Sympathy for America’s big-city mayors and their allies is evaporating – generally for good reason. Portland and Seattle, for instance, seemed willing to give rioters a free hand before halfheartedly stepping in. And of course there’s the amazing quote from Chris Cuomo, the brother of New York’s Governor : “Please, show me where it says protesters are supposed to be polite and peaceful.”
The worst-run cities will pay a huge price for this indecision when the rioters leave and too few shoppers or merchants show up to take their place.
But like most things in this increasingly messy world, the big-city mayor story is way more complicated (and maybe more sympathetic) than it seems at first glance. Let’s take it in stages.

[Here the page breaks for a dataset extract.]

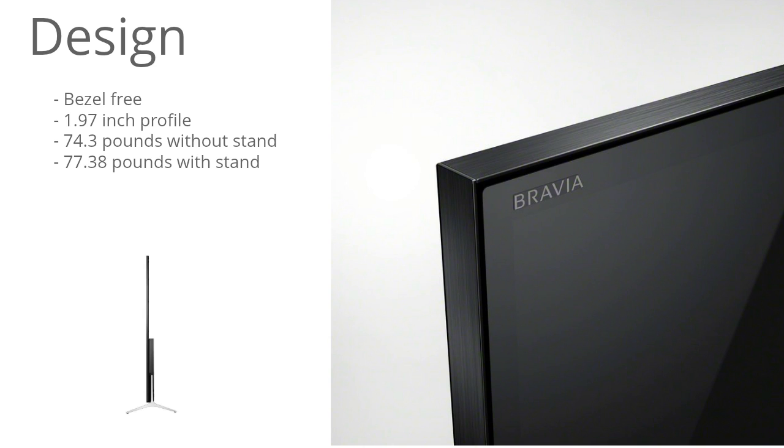The design is one of my favorite things about this Sony — it's just extremely sleek and minimalistic. As you can see, there's hardly any bezel whatsoever, and at your normal viewing distance you won't even notice the bezel is there, which definitely enhances the immersiveness. The profile is also extremely thin at just 1.97 inches, and the TV weighs 74.3 pounds without the stand and 77.38 pounds with the stand.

Many US cities were headed for bankruptcy before the pandemic
It’s easy to forget that less than a year ago – when the national economy seemed pretty strong and people were borrowing and spending with abandon – the unfunded liabilities of Chicago, Los Angeles, New York and a long list of other venerable cities were still out of control and threatening those governments’ solvency.
In the next recession and/or equities bear market, big pension plans like California’s CalPers and Chicago’s Teachers Pension Fund, were going to topple into some form of default, taking local bond ratings into junk territory and forcing draconian cuts in public services. On DollarCollapse.com there’s a 30-part series called Welcome To The Third World that chronicles the demise of public finances and how it will leave many US cities looking more like Caracas than Zurich.
Today’s big-city mayors are just the latest in a long line of leaders who bought labor peace and public sector votes by paying teachers, police, and firefighters way more than was mathematically possible in the long run. But the way can-kicking works is that the people who start the game get out with their reps and fortunes intact while the people in charge at the end get all the blame. In other words, today’s mayors were in deep trouble even in a normal business cycle.
Then came the pandemic
Depending on who’s pontificating, covid-19 is either a deadly health threat or a catastrophic overreaction by ignorant and panicked governments.
Either way, it produced much higher-than-expected health care costs and vastly lower tax revenues, ripping city budgets to shreds. So the inevitable end-of-cycle recession has been replaced by its bigger, meaner, butt-ugly brother, and cities that were teetering on the edge of insolvency are now demonstrably, undeniably broke.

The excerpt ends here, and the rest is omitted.